Three solo shows. Alois Mosbacher's show displays a series of his paintings, all specially created for this exhibition in recent months, as well as a sculptural installation and a video work, Philipp Gasser's presents a poster assembled from individual colour prints and some video works and installations, while Vanessa Billy's shows collages, sculptures and installations are based on material-specific.
The Vienna-based artist Alois Mosbacher (born 1954 in Strallegg/Austria) is well-known in Switzerland. His paintings have been shown in numerous exhibitions in institutions and galleries, for example, in Aargauer Kunsthaus (solo exhibition, 1987), in the Kabinett in Bern (solo exhibition, 2007), or in Kunstmuseum Luzern (group exhibition, 2006 and 2010).
Mosbacher has made a lasting career internationally, with solo presentations in the Museum moderner Kunst in Vienna (1997), the Städtische Galerie Nordhorn (2005), or in the Neue Galerie Graz (2010), as well as frequent contributions to international group exhibitions.
Kunsthaus Baselland dedicates a solo exhibition to the artist and displays a series of his paintings, all specially created for this exhibition in recent months, as well as a sculptural installation and a video work.
The topics of Mosbacher’s paintings are based on different resources. The artist owns a large photo archive that consists of photographs taken by himself, found pictures and internet images. “The painter doesn’t need to invent anything anymore, he searches images in his pool and like investigators follows all the traces temporarily stored there … ,” as Annelie Pohlen describes the process. Even though the archive is an important base for the working method of the artist, the relevant result is nevertheless determined by the selected topics and projects as such. In recent years the topic of the forest was implemented in various projects. In an interview with Hans Ulrich Obrist, Mosbacher described his selection of topic as follows, “The thing with the forest is a very complex matter. There is always a sinister implication as well. We know this subject from Grimms’ Fairy Tales, etc.
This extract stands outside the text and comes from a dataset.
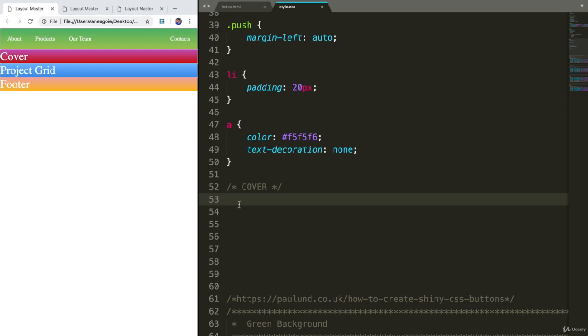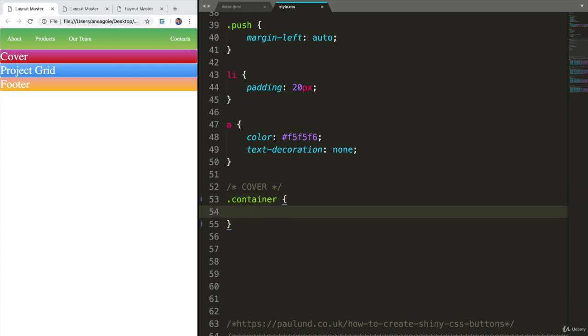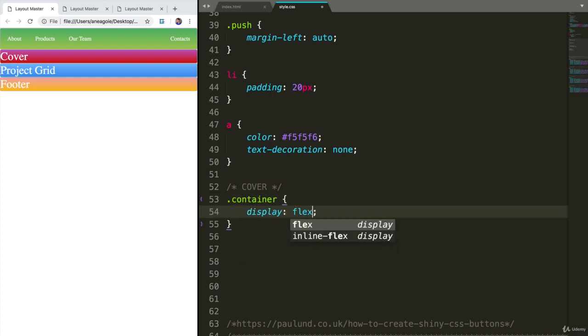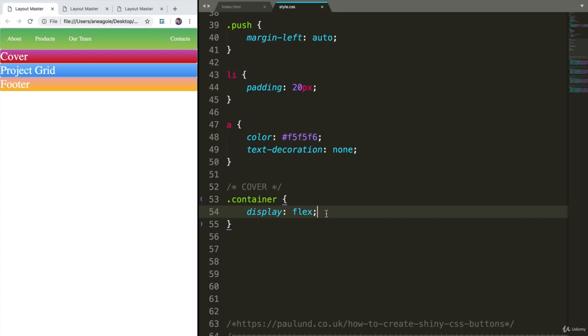This is actually going to be fairly easy. We want to have display of flex. First of all, let's make sure that we have the container class. And we'll have a display of flex. I'm not using grid here because we're not going to have any grid items. We won't have that many items in a cover. It's usually a button or a background image or some text. Display flex just makes things nice and simple.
And the big bad wolf, for instance, turns into the ’Unabomber‘ with a right-wing background, who becomes Theodor Kaczinsky in the woods of Montana. This is a negative utopia. The forest is a suitable stage for outsider roles. Because, it still offers places and spaces where it is possible to establish a parallel world or an alternative world. It always existed within the overall subject of the forest” (Catalogue, Neue Galerie Graz).
For the exhibition in Kunsthaus Baselland he created “Big Home”, “Paintball”, “Forest” and “Bird” (all from 2010) – four newly composed large formats consisting of 16 and 24 individual images. Each of the individual small format paintings can stand on their own, but in the predetermined order they join their immediate neighbouring images to create a whole. However, time and again, the artist breaks up the order of readability from one single image to another. Sometimes a towering tree trunk in the lower row of images does not continue in the upper ones, or the head of a person is cut off. The continuation of time zones is also often not carried through consequently. Even though the artist creates a readability of a complex whole with this composition, he leaves open potential individual readings to the recipient in detail. We are ensnared to interchange individual pictures with each other only to find out later that they have already found their place in the given composition. What is important is the active integration of the viewer.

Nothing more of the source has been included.